Brimming with social and political urgency, the long-standing Canadian imprint, Art Metropole - founded by the artists collective General Idea in 1974 - returns with "Resonance Gathering", an astounding new rendering of Pauline Oliveros's 1970 piece "To Valerie Solanas and Marilyn Monroe in Recognition of Their Desperation” by a large ensemble led by Christopher Willes and the collective Public Recordings. Issued in an overwhelmingly beautiful double LP edition, complete with a 64-page risograph and full color digital print book, containing new writing, previously unpublished text by Oliveros, score excerpts, photography + bonus Flexi Disc, as well as a new sound poem by Oliveros’ spouse, IONE. It is a monumentally stunning piece of work.

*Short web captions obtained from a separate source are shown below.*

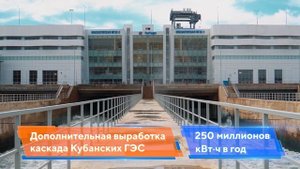Красногорские МГЭС - во всех деталях!
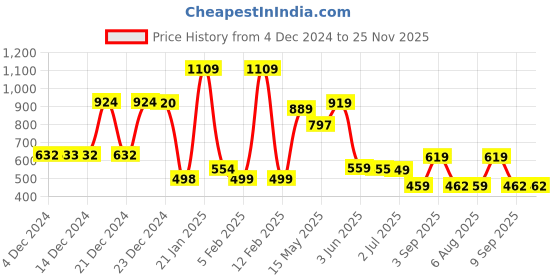 tatacliq.com Globus Green Regular Fit Sweatshirt globus Price History Graph from 4 Dec 2024 to 25 Nov 2025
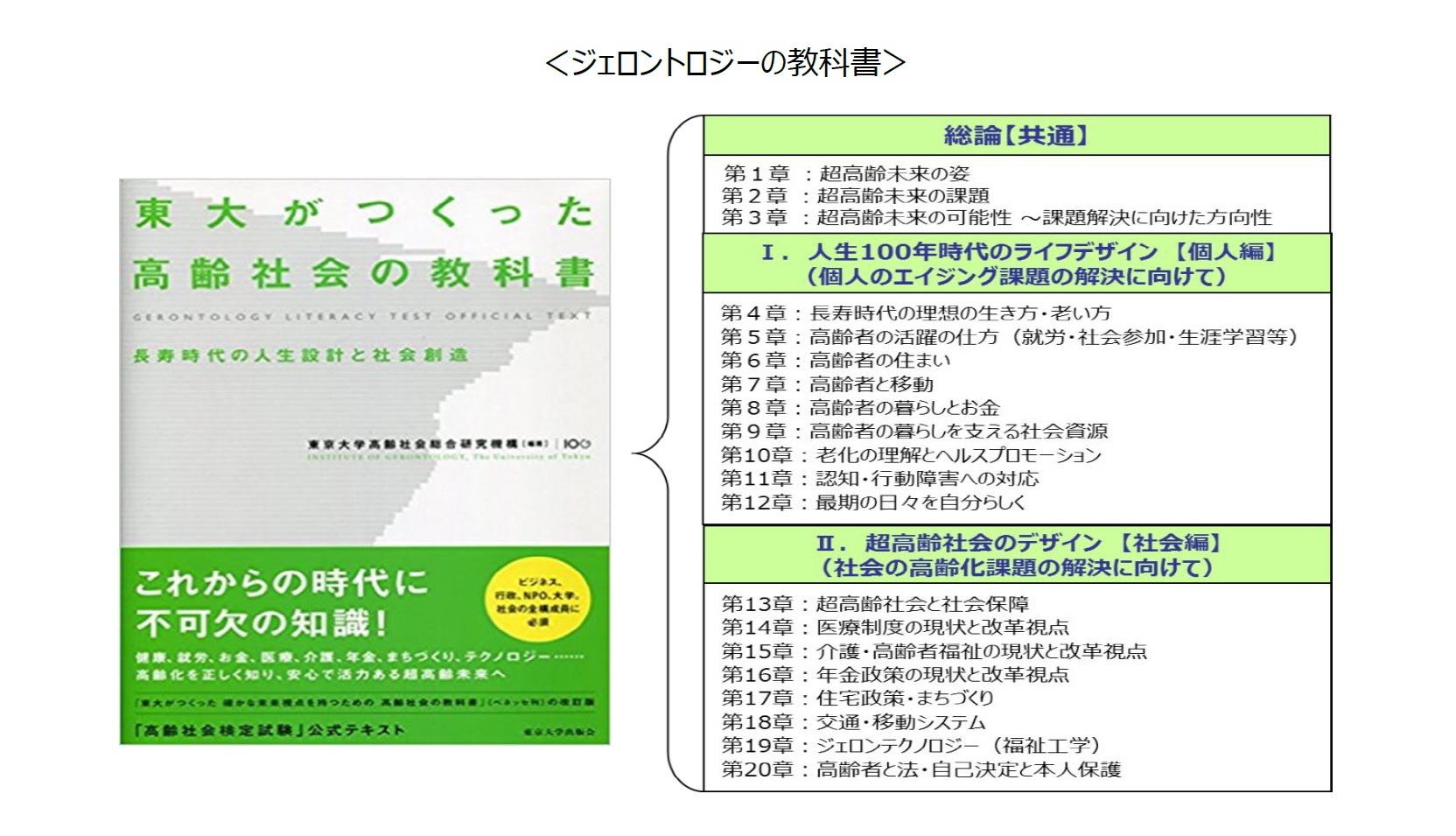 <ジェロントロジーの教科書>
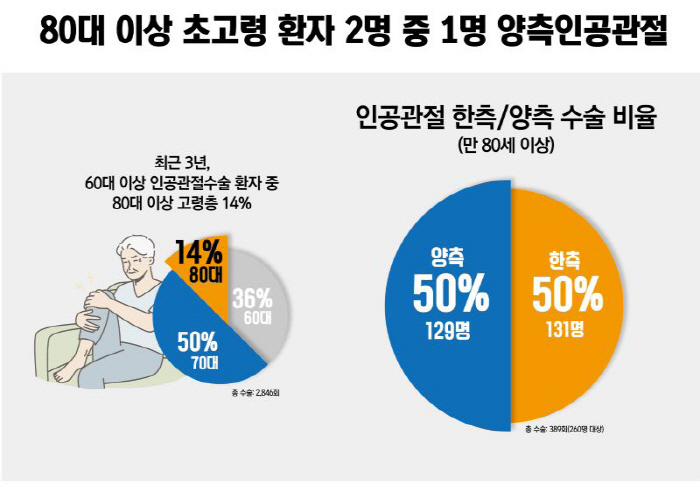 Knee artificial joint surgery increased by 7.5% in 3 years...What are the considerations for the elderly?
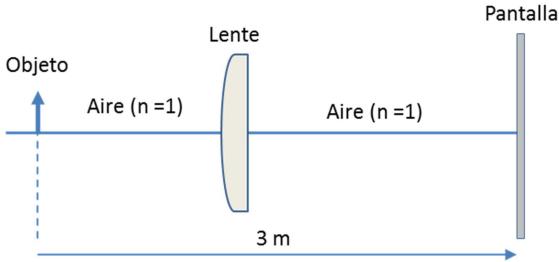 Diagrama de un sistema óptico con objeto, lente y pantalla a una distancia de 3 m.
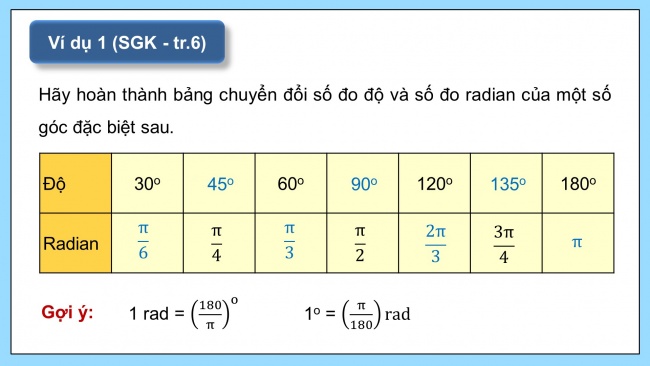 Soạn giáo án điện tử toán 11 Cánh diều Bài 1: Góc lượng giác. Giá trị lượng giác của góc lượng giác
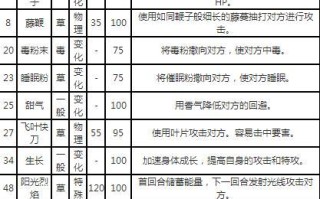 妙蛙花技能表，妙蛙花最强技能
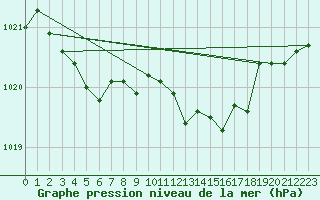Courbe de la pression atmosphrique pour Ancey (21)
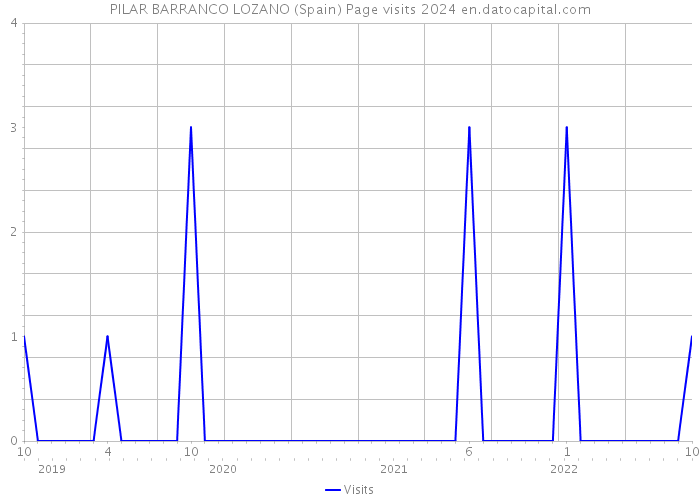 PILAR BARRANCO LOZANO (Spain) Page visits 2024 
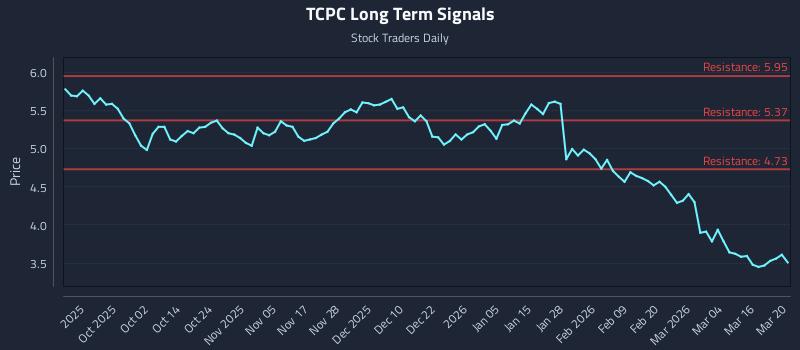 TCPC Long Term Analysis for March 21 2026
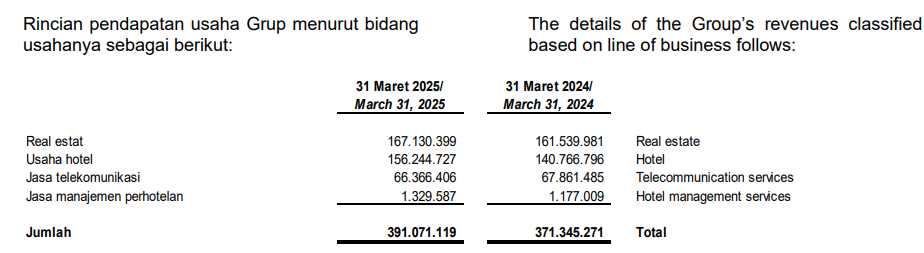 pendapatan JIHD q1 2025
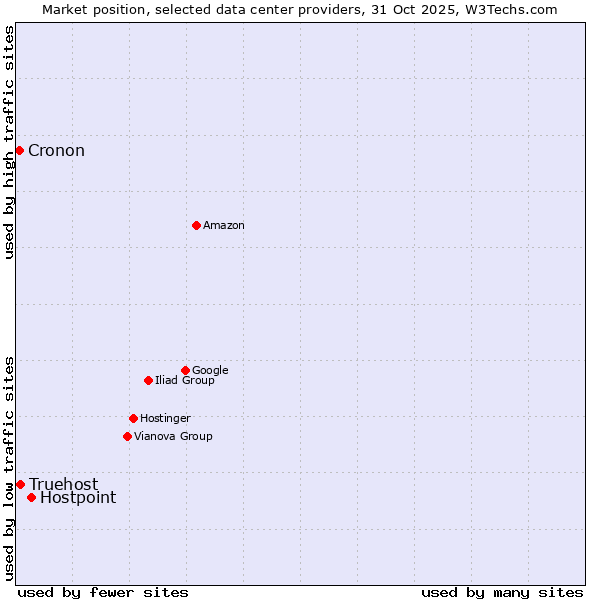 Market position of Hostpoint vs. Truehost vs. Cronon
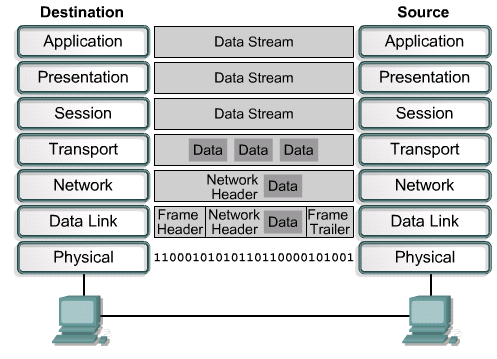 OSI Model Overview Και τα 7 επίπεδα συνεργάζονται μεταξύ τους για να ολοκληρωθεί η αποστολή ή η λήψη δεδομένων.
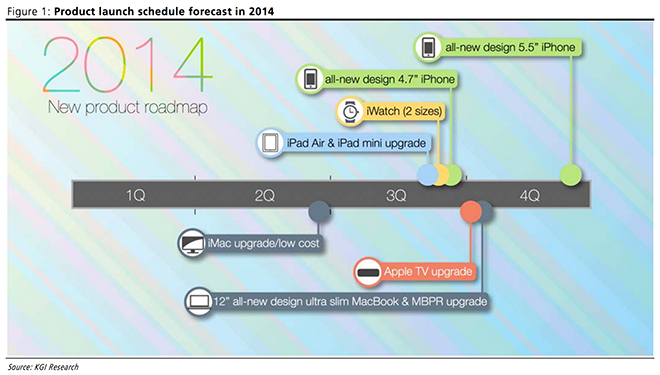http://www.macfreak.nl/modules/news/images/Art.Apple2014RoadMapMing-ChiKuo.png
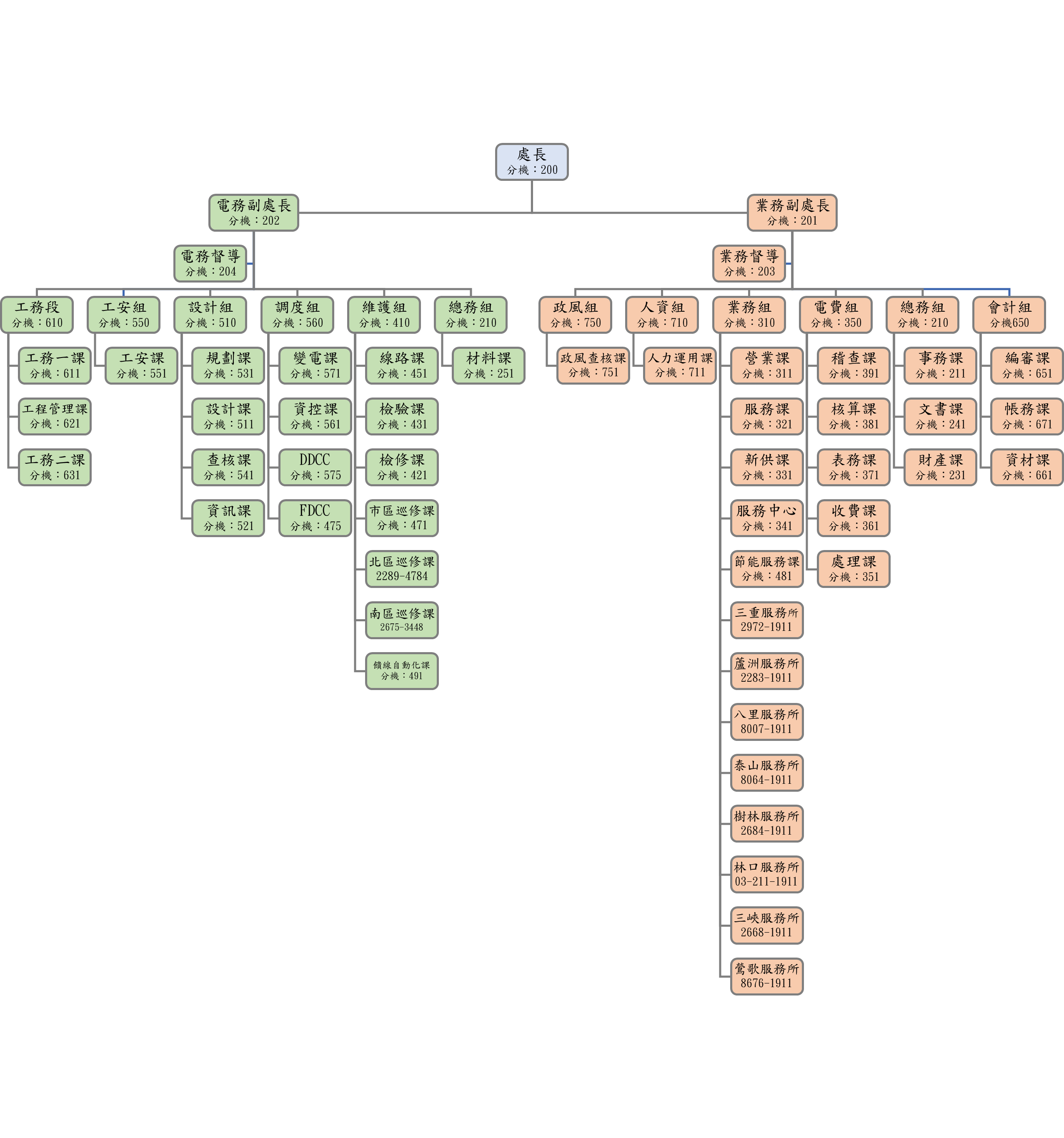 該組織圖是介紹處長、電務副處長及業務副處長、電務督導及業務督導、會計組、電費組、業務組、人資組、政風組、總務組、維護組、調度組、設計組、工安組、工務段等組織架構及連絡資訊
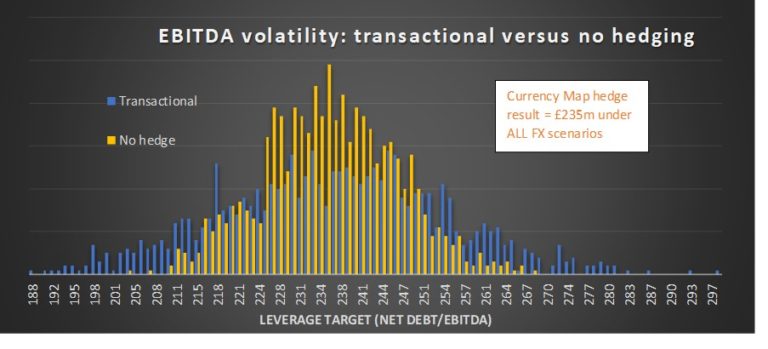 FX risk management: Policy development – part two - The Global Treasurer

The legacy of an artist’s work - how it exists and where it is placed - when they are no longer there to attend to it themselves, is among the most complex problems that a creative context can face. This is particularly the case within experimental music, where openness and interpretation tend to be a central component of the practice, and compositions are often intrinsically bound to specific musicians or the composer themselves. Since her death in 2016, we’ve witnessed the appearance of numerous releases attending to the work of Pauline Oliveros - carrying her legacy forward to new generations of fans - but the majority of these have been reissues and archival releases of recordings made by the composer herself. Few have addressed the complexities of evolution and interpretation. Art Metropole’s latest, “Resonance Gathering”, does exactly this, elegantly embracing the composer’s spirit, while allowing her work to journey toward new unknowns. The culmination of a large-scale performance project, organized by artist Christopher Willes and the collective Public Recordings, that addressed Oliveros’ music between 2017-2019 by inviting nineteen interdisciplinary performers (mostly non-musicians) to interpret Oliveros’s score “To Valerie Solanas and Marilyn Monroe in Recognition of Their Desperation” (1970), “Resonance Gathering” is issued as an incredibly beautiful double LP on 140g, black vinyl, and a 64 page risograph and full color digital print book, containing new writing, previously unpublished text by Oliveros, score excerpts, photography + bonus Flexi Disc, all housed in screen printed custom envelope, folded wrapper, and a risograph table of contents. Unquestionably a stunning accomplishment that’s as beautiful a physical object as the sounds that it contains.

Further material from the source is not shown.